Siège de Maroc Telecom à Rabat

Siège de Maroc Telecom à Rabat . DR

Au moment où l'usage du digital explose, et où les besoins en infrastructures réseaux toujours plus fiables et performantes sont de plus en plus pressants, Maroc Telecom compte réduire considérablement ses investissements en 2020, en vue de maintenir le niveau de dividendes distribués.

Le 21/07/2020 à 16h03

Maroc Telecom prévoit un recul de 43,6% de ses investissements durant l’année 2020. L’opérateur historique invoque, dans sa communication officielle, «l’adaptation des investissements au contexte actuel», pour justifier cette baisse inédite des investissements.

On se souvient pourtant que l’opérateur avait annoncé, en grande pompe, dans un communiqué datant du 26 août 2019, la signature «de la sixième convention d'investissement de Maroc Telecom avec le gouvernement pour le développement des télécommunications dans le Royaume à travers la réalisation, sur les trois prochaines années (2019-2021), d'un programme d'investissement de 10 milliards de dirhams (MMDH)».

Cette annonce relevait d'un tour de passe-passe, car répartis sur trois ans, les 10 milliards deviennent 3, 3 milliards.
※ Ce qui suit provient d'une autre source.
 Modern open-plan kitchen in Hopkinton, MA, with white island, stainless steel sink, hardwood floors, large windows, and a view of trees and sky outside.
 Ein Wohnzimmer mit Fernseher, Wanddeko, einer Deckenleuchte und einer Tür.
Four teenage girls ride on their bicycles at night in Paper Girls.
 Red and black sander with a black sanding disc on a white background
Ce qui correspond au strict minimum que l’opérateur doit dépenser pour maintenir un niveau de service acceptable.

Avec la baisse de près de 43,6% que prévoit Maroc Telecom dans ses investissements en 2020, Maroc Telecom reconsidère de fait les termes de la convention qu’il a annoncé avoir signée avec le gouvernement. Il en reconsidère les termes tout seul, comme il l’avait rendue publique tout seul. C’est à croire que le gouvernement se compose de figurants que, Abdeslam Ahizoune, le sempiternel patron de Maroc Telecom, ne consulte pas pour les actions principales.

En renonçant à investir près de la moitié des 3 milliards de dirhams prévus, l’opérateur a en réalité arbitré en faveur de ses actionnaires plutôt que de répondre aux besoins grandissants de ses usagers en infrastructures. Dans sa récente communication officielle, Maroc Telecom affiche un bénéfice semestriel de 3 MMDH. Mieux encore, pour les résultats de 2019, le payout (ratio de distribution de dividendes) est de 178%, soit près de 2 fois le résultat net part du groupe!
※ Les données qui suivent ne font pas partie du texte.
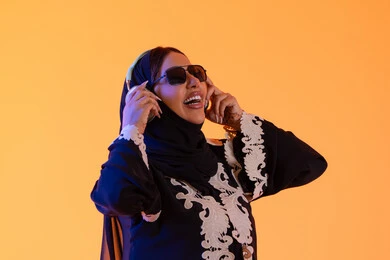 An Emirati woman using headphones in her free time, a portrait of a Gulf Arab Saudi woman wearing an embroidered abaya and hijab, putting on headphones with expressions of happiness, the development of technology and tech, enjoying time listening to music, the concept of listening and enjoyment, yellow background.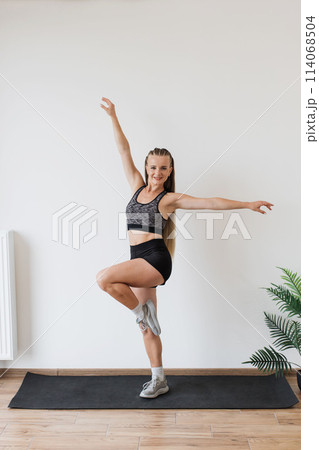 Young woman practicing balance exercises in a bright room Young woman practicing balance exercises in a bright room 114068504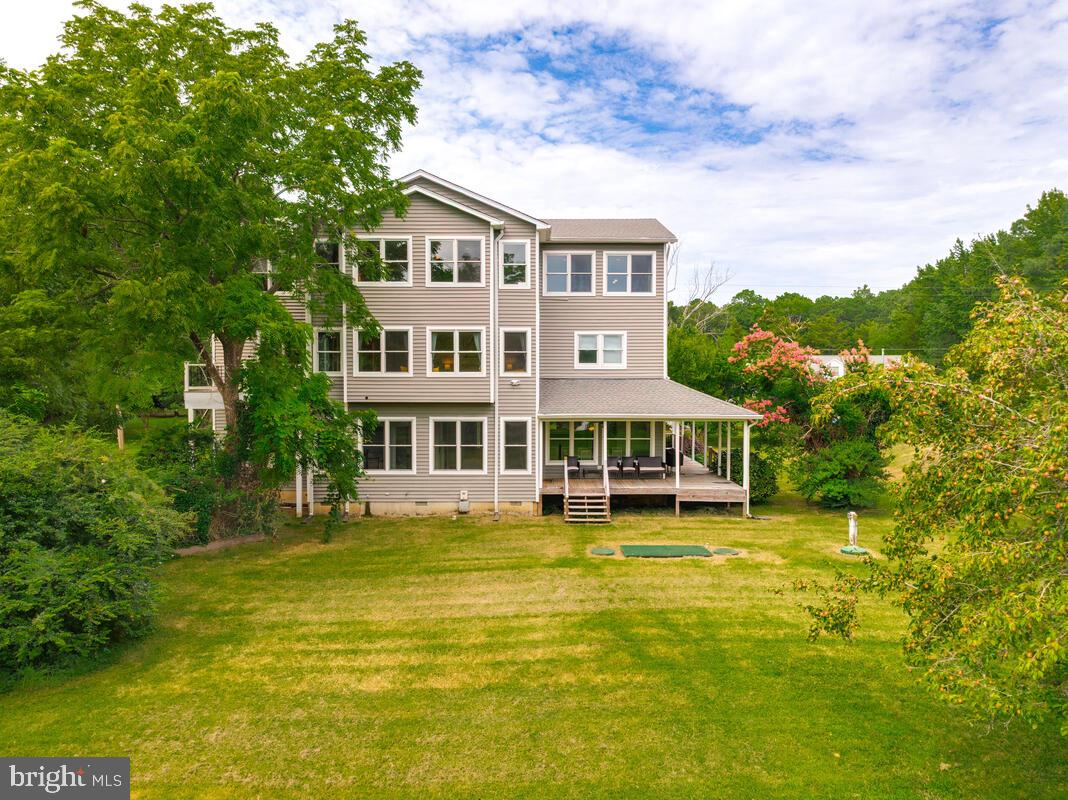 50333 Scotland Beach Road Scotland, MD 20687 - Photo 60 of 95 a view of a house with a swimming pool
Pour cette année 2020, l’opérateur coté à la Bourse de Casablanca ne devrait pas déroger à cette règle. Avec la baisse de moitié du budget des investissements, ce bénéfice atteindra probablement 6 MMDH. Ce qui placera le résultat net part du groupe au même niveau que les années précédentes.
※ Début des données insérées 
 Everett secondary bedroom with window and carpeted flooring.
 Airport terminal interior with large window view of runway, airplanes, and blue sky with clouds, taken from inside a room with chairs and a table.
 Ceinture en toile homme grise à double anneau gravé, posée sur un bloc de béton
En effet, il suffit de se plonger dans les états de synthèse et les bilans comptables de Maroc Telecom pour apprendre que l’opérateur historique –probablement le seul au monde– a toujours distribué ses résultats nets à ses actionnaires à hauteur de 100%, et ce, durant toute la période 2000-2018. (Il ne faut pas d’ailleurs s’attendre à ce que l'opérateur déroge à cette règle lors de la distribution des résultats de l’an 2020). Cet excès de générosité a rapporté aux actionnaires la somme astronomique de 100 milliards de dirhams, soit une moyenne de 6 milliards de dirhams par an.

La sanction de 3,3 milliards infligée, en février 2020, par l’ANRT à Maroc Telecom pour «concurrence déloyale» n’a visiblement rien changé aux pratiques de l’opérateur historique qui continue de freiner la croissance d’un secteur, supposé être l’infrastructure transversale sur laquelle repose le développement social et économique dans plusieurs domaines: éducation (on l’a bien compris avec l’enseignement à distance), santé, protection sociale, banque, inclusion financière et réduction de l’économie informelle…

Au lieu de se comporter en entreprise citoyenne créant un écosystème favorisant l’intensification de l’usage des nouvelles technologies, Maroc Telecom continue d’agir en cash machine pour ses actionnaires.